Emniyet Genel Müdürlüğü, İstanbul'da 8 Mart Dünya Kadınlar Günü öncesinde açıklama yapmak isteyen gruba polisin müdahalesi ile sonuçlanan olayları soruşturmak amacıyla 2 polis başmüfettişi görevlendirdi. Emniyet yetkilileri, önceki gün Beyazıt Meydanı'nda ve Saraçhane Parkı'nda 8 Mart Dünya Kadınlar Günü nedeniyle düzenlenen gösterinin "izinsiz" gerçekleştirildiğini belirterek, olayların ardından dün sabah 2 polis başmüfettişinin soruşturma amacıyla İstanbul'a gönderildiğini bildirdi. İstanbul Beyazıt Meydanı'nda ve Saraçhane Parkı'nda önceki gün izinsiz gösteri yapan gruplar polisin müdahalesiyle dağıtılmıştı.

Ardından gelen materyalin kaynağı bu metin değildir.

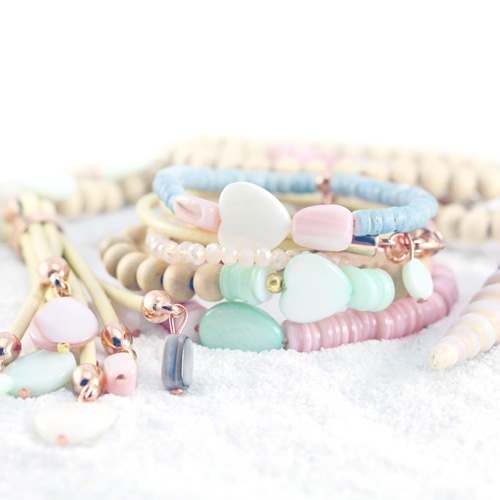Let&rsquo;s go to the beach Schmuck Set mit Holz, Leder, Kokos & Muschel Perlen.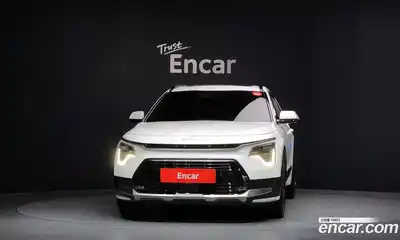 Kia Niro 2023 1.6 Автомат в Москве № 120605, миниатюра 3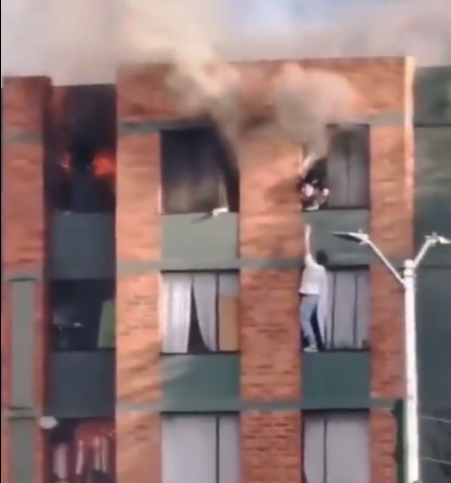 Se vistió de héroe para salvar a su vecina durante impresionante incendio 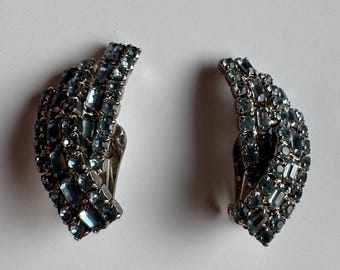 vintage pale blue rhinestone clip on earrings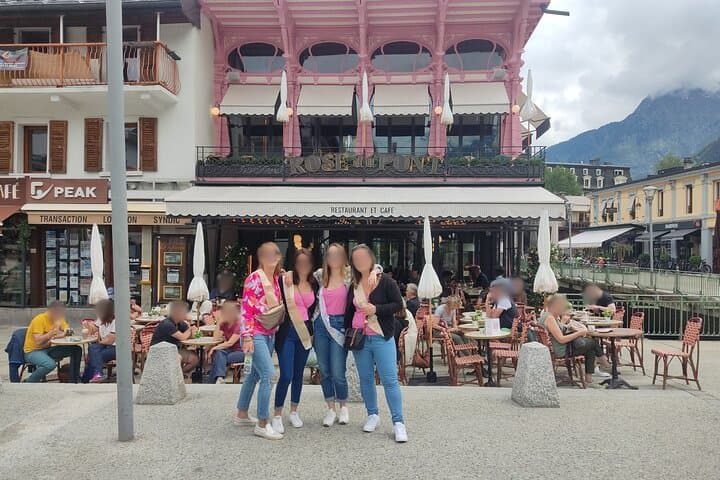 Chamonix City Challenge: EVG/EVJF Team Scavenger Hunt in the Valley photo 3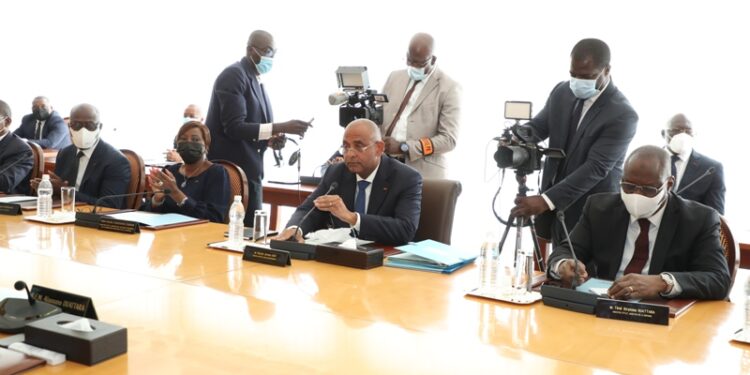 Les images du conseil des ministres du mercredi 05 janvier 2022 au palais présidentiel à Abidjan Plateau.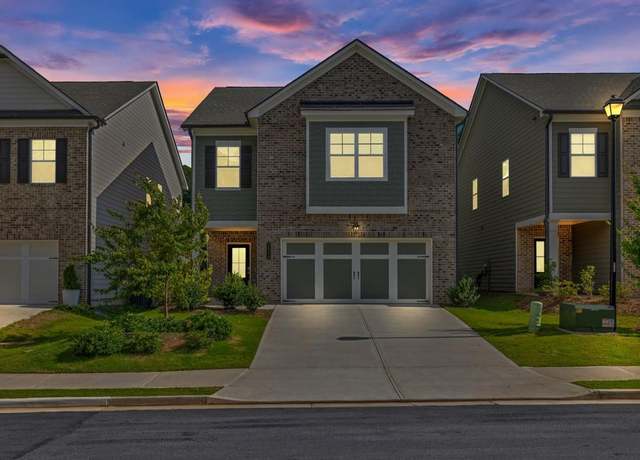 Property at 5252 Fox Den Rd, Oakwood, GA 30566, 4 beds, 2.5 baths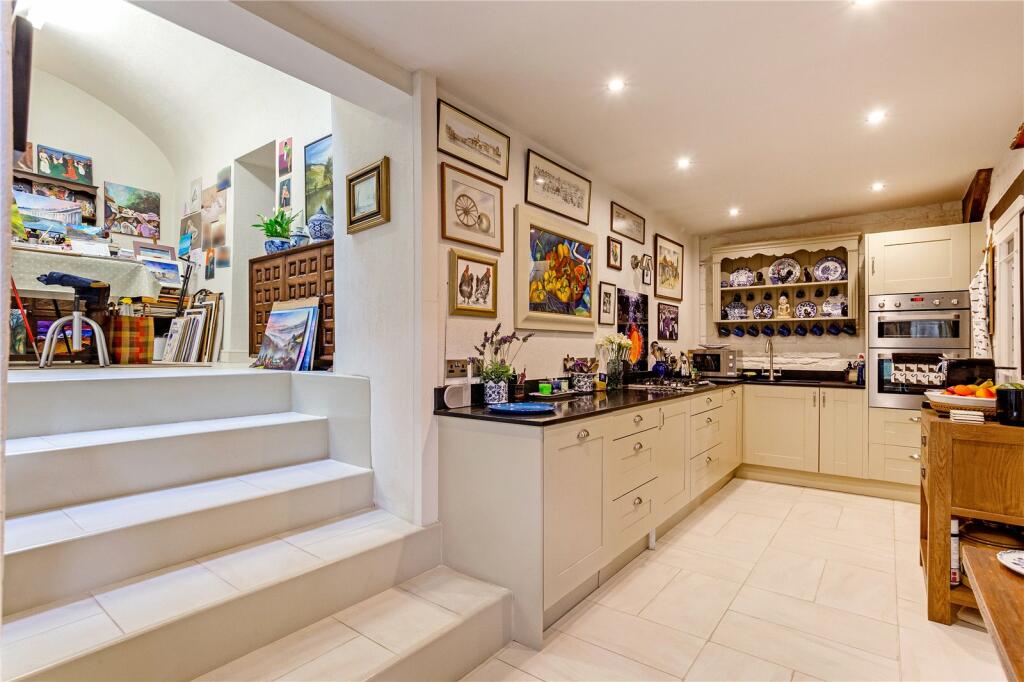 Additional property image - Barton Orchard, Bradford-On-Avon, BA15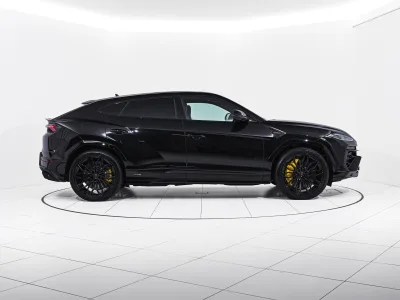 2026 Lamborghini Urus SE 4WD RHD - Nero Helene for export from Japan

Yaklaşık 4 saat süren Troyka toplantısında şu konuların ele alındığı öğrenildi: KIBRIS: Toplantının gündemine, Rum Kesimi'nin uzlaşmaz tutumu damgasını vurdu. Troyka, Türkiye'nin Rum Kesimi ile ilişkilerini normalleştirmeye başlamasını istedi. Rum Kesimi'nin AB üyesi olduğuna dikkat çeken Troyka, tüm tarafların katılacağı bir ilişki sürecinin başlaması gerektiğini belirtti. NATO: Avrupa Güvenliği çerçevesinde, NATO ile iş birliği imkânlarını arayan AB, Türkiye üzerinde baskısını artırdı ve Rumların sadece siyasî konularda NATO-AB ortak operasyonlarına katılmasını önerdi. Özellikle Hollanda, İngiltere, İspanya ve Almanya'nın yaptığı baskıları Asselborn gündeme getirdi ve "NATO'yu AB'den farklı bir örgüt olarak görmeyin. AB'nin uzun vadeli planları çerçevesinde bakın" mesajı verirken, Bakan Gül, "Rum Kesimi'nin NATO'ya stratejik bir katkısı olmayacak, bunu siyasi amaçla gündeme getiriyorlar. Barış İçin Ortaklık Projesine girmediler" mesajı verdi. AB Kanadı, birlikte çalışarak sorunu aşmayı önerirken, Gül, "AB'den beklenen Kıbrıs konusunda adım atmasıdır. Rumları çözüme zorlayacak mali ve ticari tüzüğün çıkması yönünde adım atmanızı bekliyoruz" dedi. Gül, Türkiye'nin yeni kararlara açık olduğunu, buna karşın Rumlar'ın adım atması gerektiğini söyledi. EK PROTOKOL: Türkiye ve AB arasında imzalanacak olan Ankara Anlaşması ek uyum protokolü konusunda iki taraf da taahhüdünü yineledi. Türkiye anlaşmaya çekince koyacağını belirtirken, AB'nin anlaşma yürürlüğe girene kadar geçici uygulama isteğine olumsuz yanıt verildi. Kıbrıs'a endekslenen müzakerelerin mart ayı içerisinde tamamlanması ve daha sonra da belgelerin değişiminin başlaması bekleniyor.